*TASK ITEM:* Please return the full listing exactly as written, with the images removed.

*DATASET SECTION:*

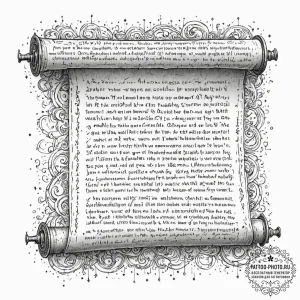 Tattoo sketch, sacred scribe's scroll of code... - эскиз тату (№1752341258_0, 12.07.2025 17:27) — tattoo-photo.ru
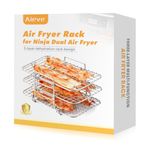 Aieve Air Fryer Rack for Ninja Dual, 3-Layer 304 Stainless Steel Dehydrator Rack, Air Fryer Accessories Compatible with Ninja Air Fryer AF300UK/ AF400UK, Salter, Tower Dual Air Fryer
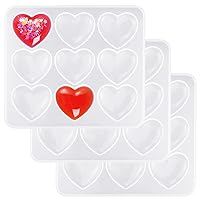 3 Pieces Heart Shape Resin Molds Heart Shape Epoxy Molds Heart Silicone Molds for Resin Heart Resin Molds for Craft Making (3)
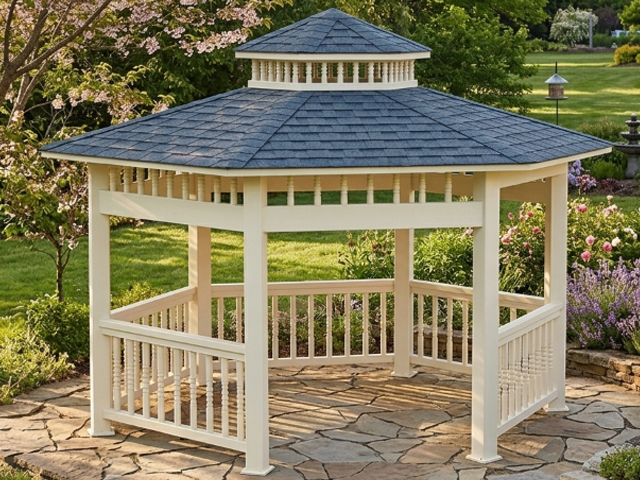 Metal Kamelya Kameriye ve Gazebo Modelleri / Metal Altıgen  Gazebo 400x400x300 (LWH) 70238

*EXERCISE ANSWER:*
 Tattoo sketch, sacred scribe's scroll of code... - эскиз тату (№1752341258_0, 12.07.2025 17:27) — tattoo-photo.ru
 Aieve Air Fryer Rack for Ninja Dual, 3-Layer 304 Stainless Steel Dehydrator Rack, Air Fryer Accessories Compatible with Ninja Air Fryer AF300UK/ AF400UK, Salter, Tower Dual Air Fryer
 3 Pieces Heart Shape Resin Molds Heart Shape Epoxy Molds Heart Silicone Molds for Resin Heart Resin Molds for Craft Making (3)
 Metal Kamelya Kameriye ve Gazebo Modelleri / Metal Altıgen  Gazebo 400x400x300 (LWH) 70238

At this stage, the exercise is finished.